2) En 2011, l'institut Démoscope avait enregistré que 35 % des pratiquants de Suisse alémanique et romande assisteraient au moins une fois par mois, dans leur paroisse, à la forme extraordinaire du rite romain, en latin, si celle-ci leur était proposée. Aujourd'hui, dans le décanat de Fribourg (55 000 habitants), 66,8 % des pratiquants déclarent apprécier « assez » ou « beaucoup » la messe en latin. Bien que la question posée mentionne explicitement la « forme extraordinaire », Jean-François Mayer partage l'avis des enquêteurs qui « ont conclu que les fidèles pratiquants avaient voulu en majorité exprimer ici un goût pour l’usage du latin dans la liturgie » et non un quelconque plébiscite en faveur de la forme extraordinaire. Certes, nous convenons de ce que la notion de « forme extraordinaire » n'est pas claire pour de nombreux catholiques, d’autant que nos sondages ont souvent montré que près d'un catholique sur deux n'avait pas eu connaissance du Motu Proprio de Benoît XVI rappelant à tous que la messe traditionnelle n'avait jamais été interdite et la qualifiant de « forme extraordinaire » du rite romain. Toutefois, l'empressement de scientifiques à signifier que les résultats d'une enquête qu'ils ont eux-mêmes pilotée ne signifient pas ce qu'ils signifient est assez troublant. Le fait que la messe traditionnelle à Fribourg ne soit suivie que par une centaine de fidèles n’est nullement significatif : ce que désirent les fidèles, c’est la célébration de la messe traditionnelle dans leur paroisse. Sur le blog de Jean-François Mayer, le professeur Monnot va jusqu'à préciser que la « seule interprétation solide des réponses est bien la messe avec des parties latines (ordinaire) et non la messe de rite extraordinaire » alors que la question est explicitement en contradiction avec cette explication...

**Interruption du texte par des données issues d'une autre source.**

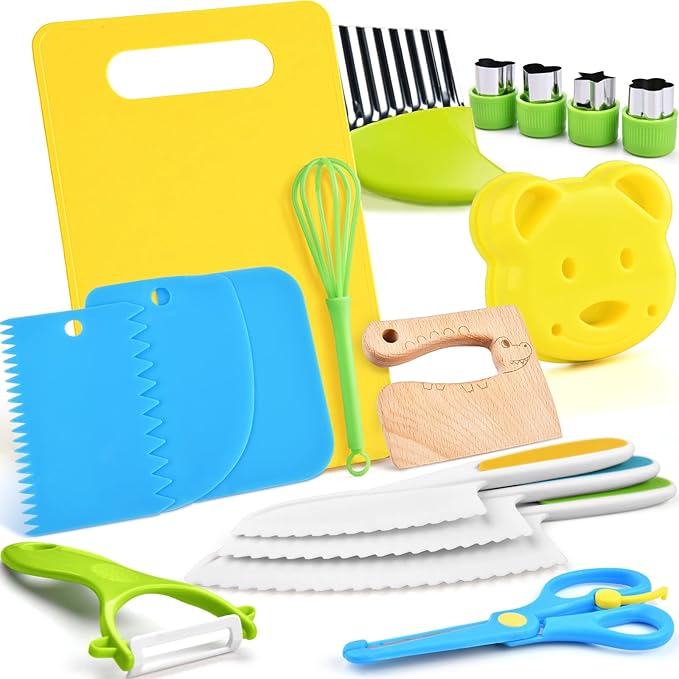 17PCS Montessori Toys Real Cooking Set for Kids Ages 3-6 - Kitchen Toys for Toddlers with Safe Knives, Cutting Board & Utensils - Learning Educational Pretend Play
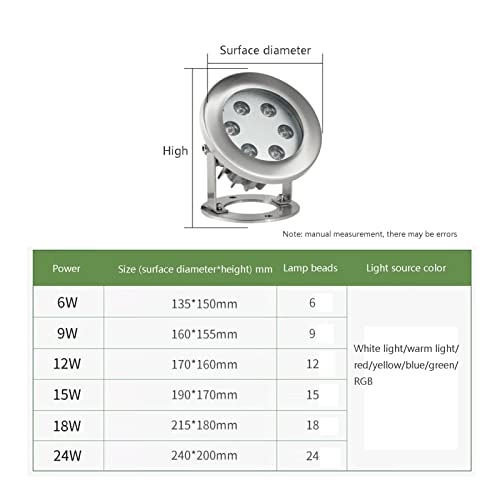 Vzcomm Led Underwater Light Swimming Pool Lights Stainless Steel Landscape Lights Fountain Lights Ip68 Waterproof Low Voltage Ac12/24V Colorful Spotlights For Pool Fish Pond Fountain Hotel Waterfall ( #TOP2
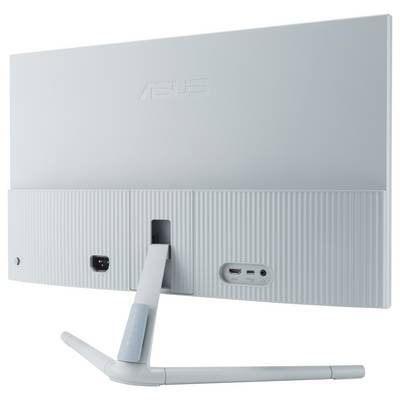 Un ordinateur tout-en-un blanc vu de dos, montrant le support et les ports HDMI et USB-C.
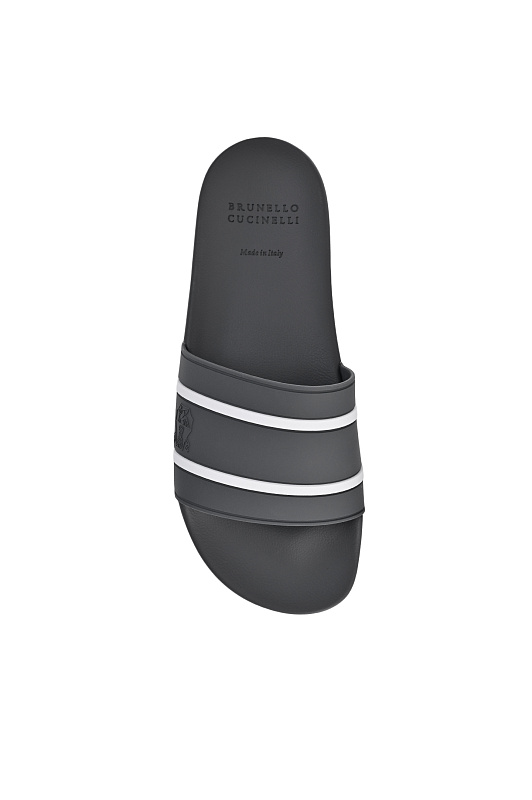 Шлепанцы BRUNELLO  CUCINELLI Серый Мужской MZUPOSR302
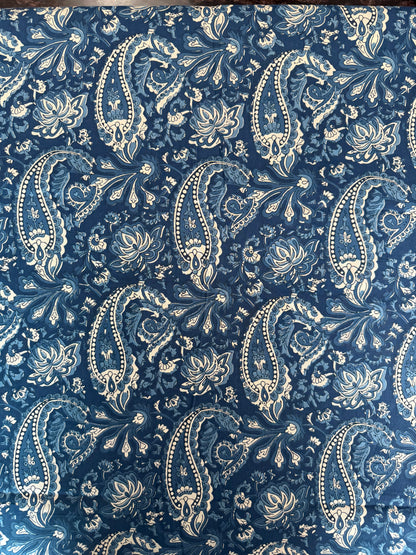 100% Indian Cotton Fabric - Blue Paisley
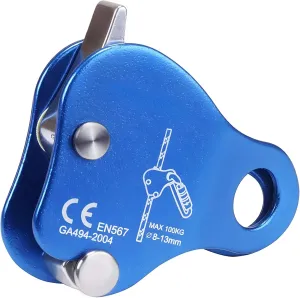 Climbing Rope Grab Fall Protection Device, Aluminum Alloy Ascender for Rock Climbing, Tree Arborists, Mountaineering & Rescue, Rope Grip for 8-13Mm Ropes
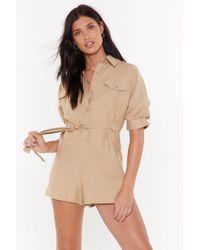Nasty Gal "no Reason To Tie Belted Utility Romper" - Natural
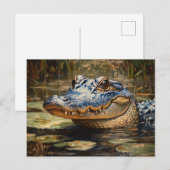 Alligator in de Everglades Wildlife Art Briefkaart (Voorkant / Achterkant)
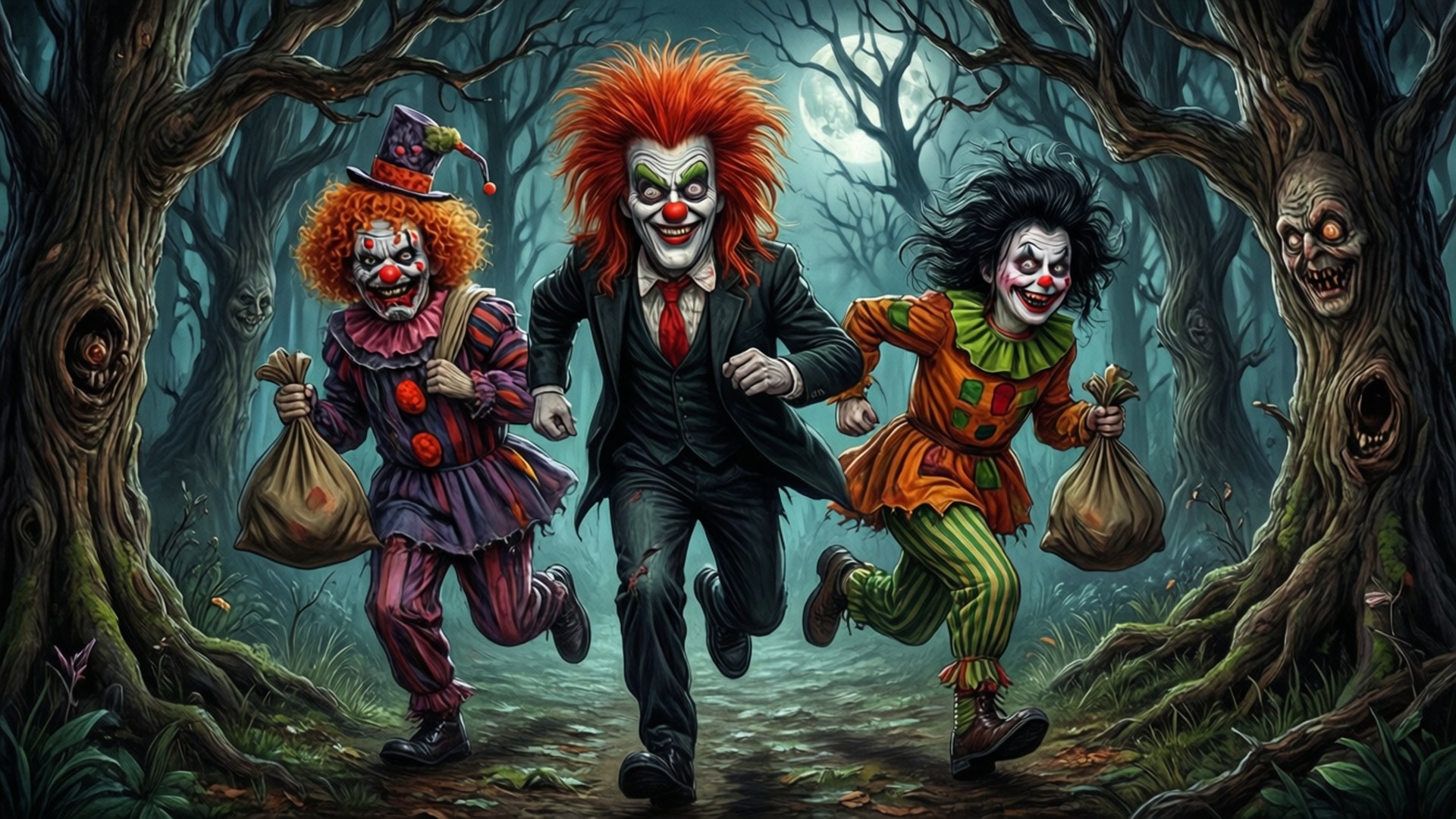 Watoto wa Trick-or-Treat Msituni Picha ya Ukuta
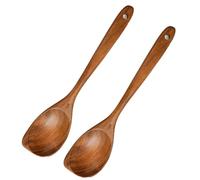 2Pcs Wooden Spoons for Cooking, Wooden Spoons Cooking Utensils Heat Resistant, Natural Premium Teak Wooden Spoon Set, Good Grip Wooden Spatula Non Stick Kitchen Utensil
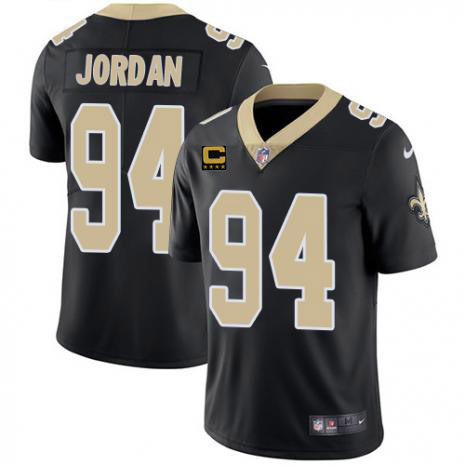 Men's New Orleans Saints #94 Cameron Jordan 2022 Black With 4-star C Patch Stitched Jersey
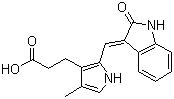 CAS # 215543-92-3, 2-[(1,2-Dihydro-2-oxo-3H-indol-3-ylidene)methyl]-4-methyl-1H-pyrrole-3-propanoic acid, 3-[3-(2-Carboxyethyl)-4-methylpyrrol-2-methylidenyl]-2-indolinone, SU 5402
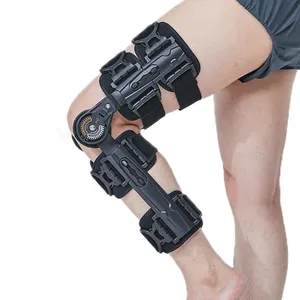 Stabilisateur de jambe réglable Rom Immobilisation de genou Médical Orthopédique Post Op Genouillère articulée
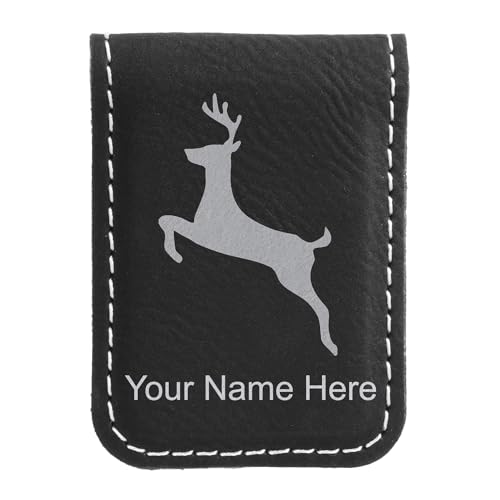 LaserGram Slim Magnetic Money Clip, Deer, Personalized Engraving Included (Black with Silver)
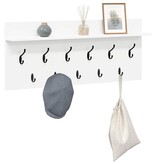 VidaXL Wandgemonteerde kapstok met plank met opslag Wit Bewerkt hout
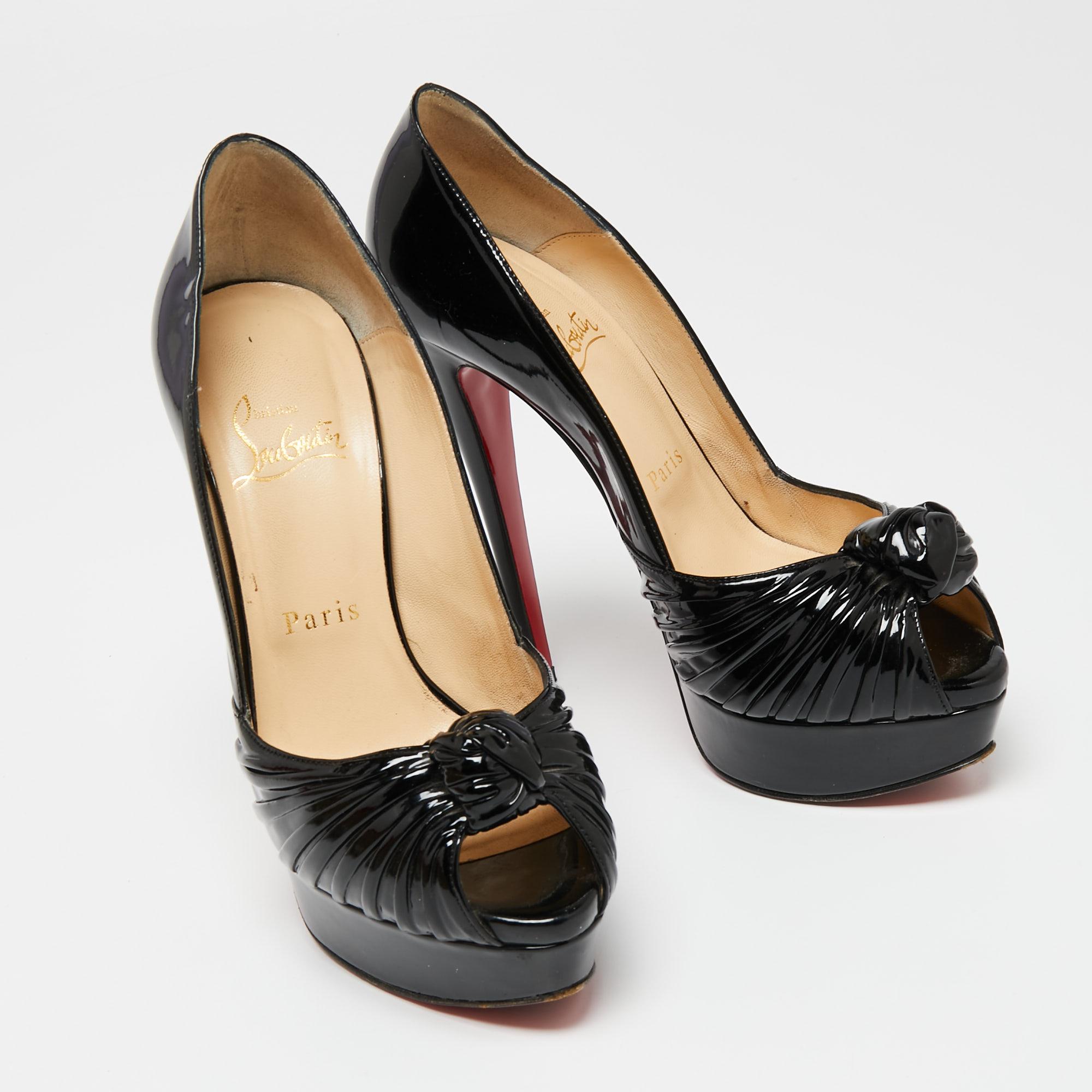 Women's Christian Louboutin Patent Leather Jenny Knot Peep-Toe Platform Pumps Size 37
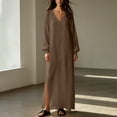thumbnail image 5 of Guieoi Shift Dresses for Women 2026 Fall Long-Sleeve V-neck Cotton-Linen Split-Hem Dress Brown M, 5 of 7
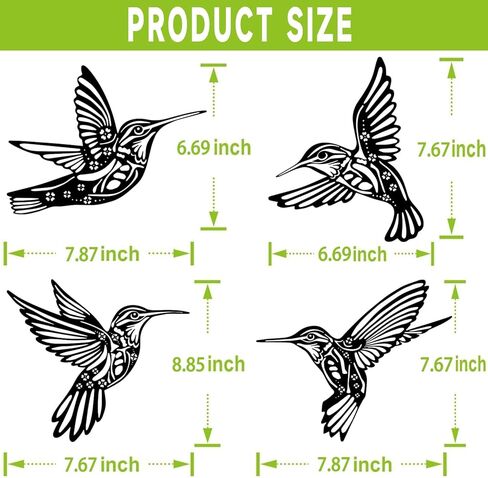 BFORXRO Metal Hummingbird Wall Art Decor-Black Outdoor Indoor Decor, Waterproof Bird Sculpture for Patios Garden Bird Lovers 4 Piece Set in Saudi Arabia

3) D'ailleurs, dans les premières orientations pastorales annoncées par le décanat à l'issue de cette enquête (essentiellement des suppressions de messes !), la prise en compte de l'attachement des fidèles à ce que les enquêteurs appellent une « messe classique » ne transparaît pas. De quoi donner raison au Suisse Rom@in, alias l'abbé Rimaz, qui écrit les lignes suivantes sur son blog : « Je retiens surtout qu'il y a un décalage entre la réalité pastorale – la sensibilité des croyants – et la volonté majoritaire d'imposer des Messes sans latin, car selon une vision devenue minoritaire (mais fortement ancrée dans le milieu clérical), cela ne passerait plus aujourd'hui. En ce sens, l'enquête révèle que les fidèles pratiquants veulent des Messes justement fidèles avec une liturgie soignée. Ce furent bien des catholiques pratiquants qui ont été sondés. Le risque est grand de parler au nom du Peuple de Dieu sans l'écouter. Sachons nous ouvrir à sa voix lorsqu'elle s'exprime. »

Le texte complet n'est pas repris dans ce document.